Matthew 27:60 - John Trapp Complete Commentary

Bible Comments

And laid it in his own new tomb, which he had hewn out in the rock: and he rolled a great stone to the door of the sepulchre, and departed.

Ver. 60. And laid it in his own new tomb] His own, which was now well warmed, sweetened, and sanctified by our Saviour's body, against himself should be laid there; as afterwards he might and probably was, too. A new tomb it was, and fit it should be for that virgin body, or maiden corpse, as one calls it, untouched and untainted. Besides, else it might have been suspected, that not Christ but another arose; or if he, yet not by his own, but by another's virtue: like him who revived at the touching of the bones of dead Elisha, 2 Kings 13:21. Buried our Saviour was: 1. That none might doubt his death. 2. That our sins might be buried with him. 3. That our graves might be prepared and perfumed for us, as so many beds of roses, or delicious dormitories, Isaiah 57:2. He was buried in Calvary, to note that he died for the condemned; and in a garden, to expiate that first sin committed in the garden; and in another man's sepulchre, to note that he died for other men's sins, as some will have it. Helena, mother of Constantine the Great, bestowed great cost in repairing this sepulchre of our Saviour, which the heathens out of hatred to Christ had thrown down, and built a temple of Venus on the same ground. And Jerusalem, that poor ruinous city, being governed by one of the Turks, Sanzacks, is for nothing now more famous than for the sepulchre of our Saviour, again repaired, and much visited by the superstitious sort of Christians, and not unreverenced by the Turks themselves.

Which he had hewn out in the rock] For his own use. See the like, 1 Kings 13:30. The Thebans had a law, that no man should make a house for himself to dwell in, but he should make first his grave. Charles V, emperor, five years before he died, even when he was employed in his greatest affairs, caused a sepulchre to be made, with all things appertaining to it, necessary for his burial, and that secretly, lest it might be taken for ostentation or hypocrisy: which things he had closely carried with him whithersoever he went five years together; some thinking there had been some great treasure in it; some other that there had been books of old stories: some thought one thing, some another.
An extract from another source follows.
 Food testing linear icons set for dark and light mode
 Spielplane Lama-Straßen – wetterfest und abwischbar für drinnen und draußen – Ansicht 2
But the emperor smiling, said, that he carried it about him to remind him of his death.

And he rolled a great stone] Either for an inscription to the sepulchre, or for more safety to the body, or that the glory of the resurrection might be the greater, or all these together.

Matthew 27:60

60 And laid it in his own new tomb, which he had hewn out in the rock: and he rolled a great stone to the door of the sepulchre, and departed.